III-CXT: Collaborative Research: Spatio-Temporal Data Mining For Global Scale Eco-Climatic Data

National Science Foundation Award Number: # 0712987 (August 1, 2007 - July 31, 2010)

 

Contact Information:

Pang-Ning Tan, PI
Department of Computer Science and Engineering
3115 Engineering Building
Michigan State University
East Lansing, MI 48824-1226
Phone (517) 432 9240
E-mail: ptan at cse dot msu dot edu     URL: http://www.cse.msu.edu/~ptan

List of Supported Students:

Project Award Information:

Project Summary:

Context: The remote sensing data that consists of satellite observations of the land surface, biosphere, solid Earth, atmosphere, and oceans, combined with historical climate records and predictions from ecosystem models, offers new opportunities for understanding how the Earth is changing, for determining what factors cause these changes, and for predicting future changes. In turn, this could provide an unprecedented opportunity for predicting and preventing future ecological problems by managing the ecology and health of our planet. Data mining and knowledge discovery techniques can aid this effort by discovering patterns that capture complex interactions among ocean temperature, air pressure, surface meteorology, and terrestrial carbon flux.

 

Intellectual Merit  The goals of this work are twofold: 1) to better understand global scale patterns in biosphere processes, particularly patterns in the global carbon cycle and climate system. More specifically, the proposed data mining research is driven by the need to address the following two challenges: (i) understanding how ocean, atmosphere and land processes are coupled and (ii) detecting and predicting ecosystem disturbances such as fires, floods, and hurricanes. 2) to support innovative Computer Science (CS) research in data mining.
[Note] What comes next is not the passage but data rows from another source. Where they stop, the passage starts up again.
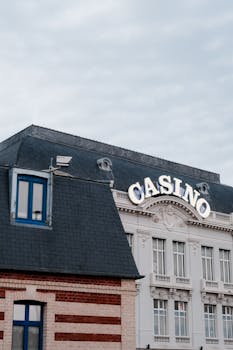 Tervetuloa Suomen huippuluokan nettikasinokokemukseen: pyöräytä ja voita kanssamme!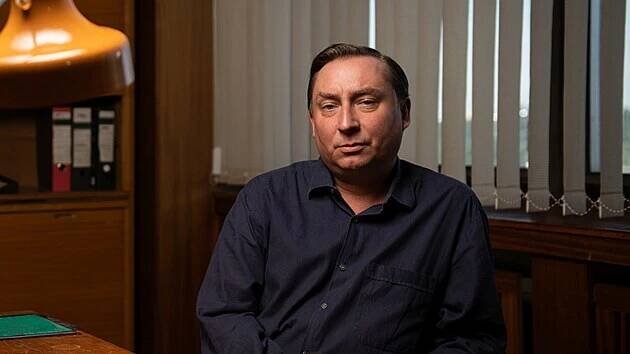 Robert Mikluš v seriálu Devadesátky (2022)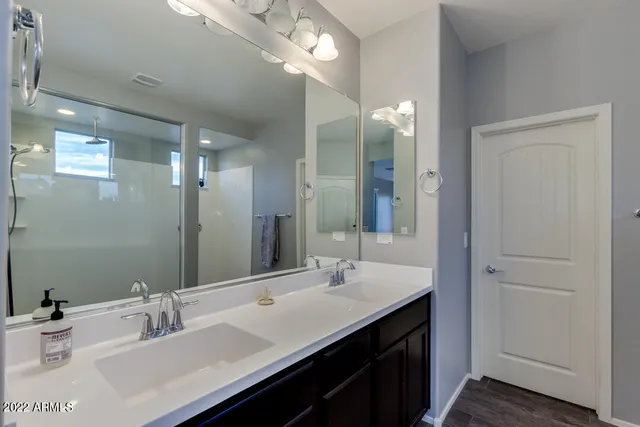 $2,800 | 12772 West Burnside Trail, Peoria, AZ 85383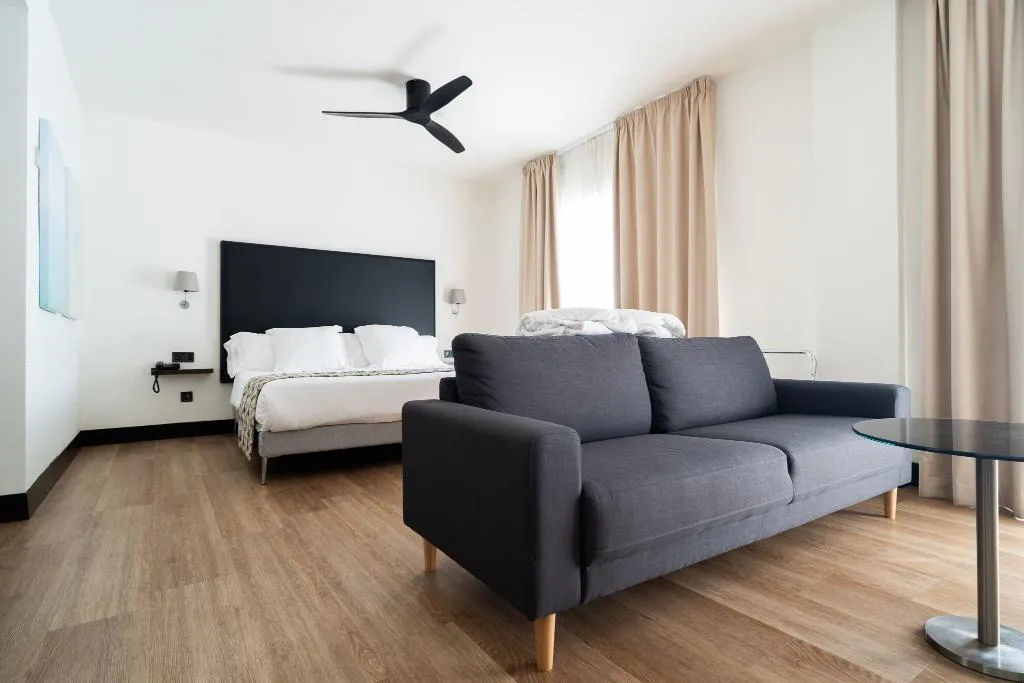 Room, Fay Victoria Beach, Costa Del Sol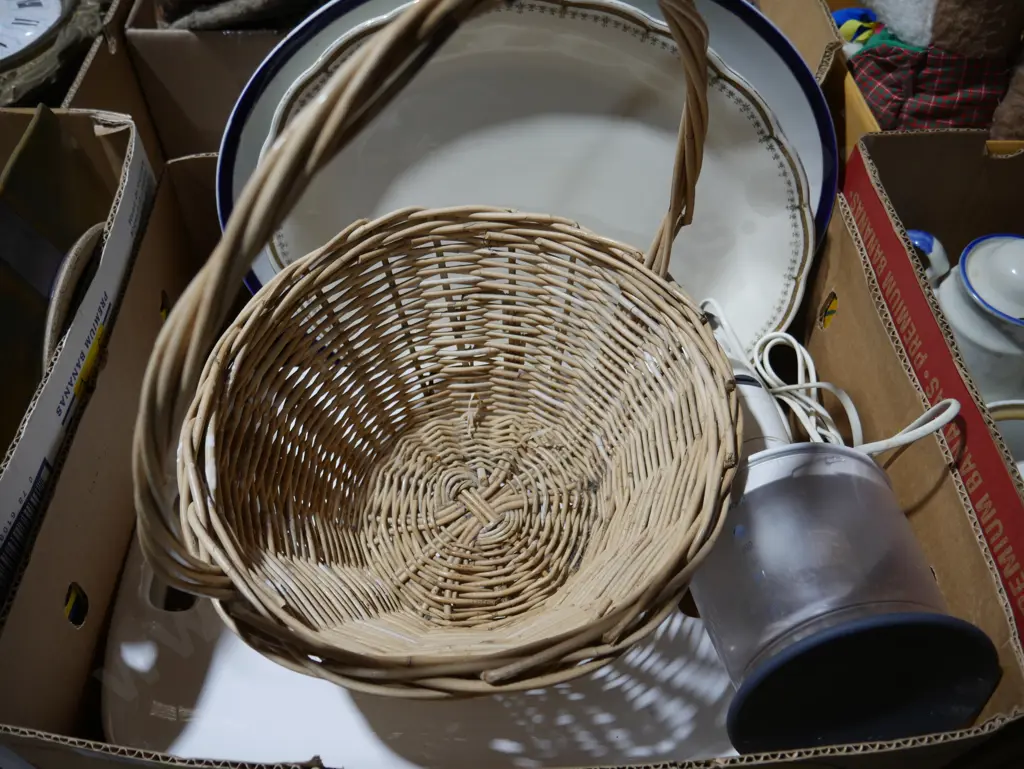 Cane basket, ashets Image 1++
In particular, the spatio-temporal nature of Earth Science data means that standard CS data mining techniques often cannot be directly applied. As an example, in Earth Science research, a key step is the selection of the locations and time periods that are to be used to investigate possible relationships between two Earth Science phenomena, e.g., El Nino and milder winters in the Midwestern United States. Currently, this selection is based on domain knowledge, but automating this process would be very beneficial. The proposed work will develop new data mining techniques that address the high dimensionality, large size, and spatio-temporal nature of the data.

 

Broader Impacts New algorithms and techniques for the analysis of large spatio-temporal data sets developed in this project will be made available to other researchers within the Earth Science community. To a large extent, this project will encapsulate these algorithms within easy to use visual tools so that users will be able to more easily extract useful knowledge from Earth Science data sets. Although the focus will be on Earth Science data, the data mining techniques that are developed will be applicable to a wide variety of other fields that have data collected over time on a spatial grid. To give a specific example, spatio-temporal clustering has been used to track cyclones and animal migrations, and to model mobile phone users and neuronal activities in the brain, and the new spatio-temporal clustering techniques could also prove useful for these applications.


Duration: 3 years

Publications:

  1. Haibin Cheng, Pang-Ning Tan. Semi-supervised Learning with Data Calibration for Long-Term Time Series Forecasting, Proc of the ACM SIGKDD International Conference on Data Mining, August, 2008.
  2. Haibin Cheng, Pang-Ning Tan, Christopher Potter, Steve Klooster. Data Mining for Visual Exploration and Detection of Ecosystem Disturbances, Proc of 16th ACM SIGSPATIAL International Conference on Advances in Geographic Information Systems (ACM GIS), November, 2008
  3. Haibin Cheng, Pang-Ning Tan, Christopher Potter, Steve Klooster. A Multivariate A Robust Graph-Based Algorithm for Detection and Characterization of Anomalies in Noisy Multivariate Time Series, ICDM Workshop on Spatial and Spatio-temporal Data Mining (SSTDM 2008), 2008.
  4. Haibin Cheng, Pang-Ning Tan, Christopher Potter, Steve Klooster. Detection and Characterization of Anomalies in Multivariate Time Series. Proc of SIAM International Conference on Data Mining (SDM 2009), 2009.
  5. Haibin Cheng, Pang-Ning Tan, Rong Jin. Efficient Algorithm for Localized Support Vector Machine. To appear in IEEE Transactions on Knowledge and Data Engineering, DOI: 10.1109/TKDE.2009.116, 2009.

Contributions to Resources for Research and Education:

Software: A Matlab-based visualization tool for detecting and clustering ecosystem disturbance events has been developed. The software is currently being evaluated by our research collaborators Christopher Potter (NASA Ames) and Steve Klooster (California State University). A description of the disturbance event viewer is available here. The tools and algorithms developed in the project will become publicly available in the near future from this web site.

 

Education: Tan has taught a graduate-level data mining course at the Michigan State University during Fall 2007. The course included lectures on anomaly detection and the application of data mining to the Earth Science domain.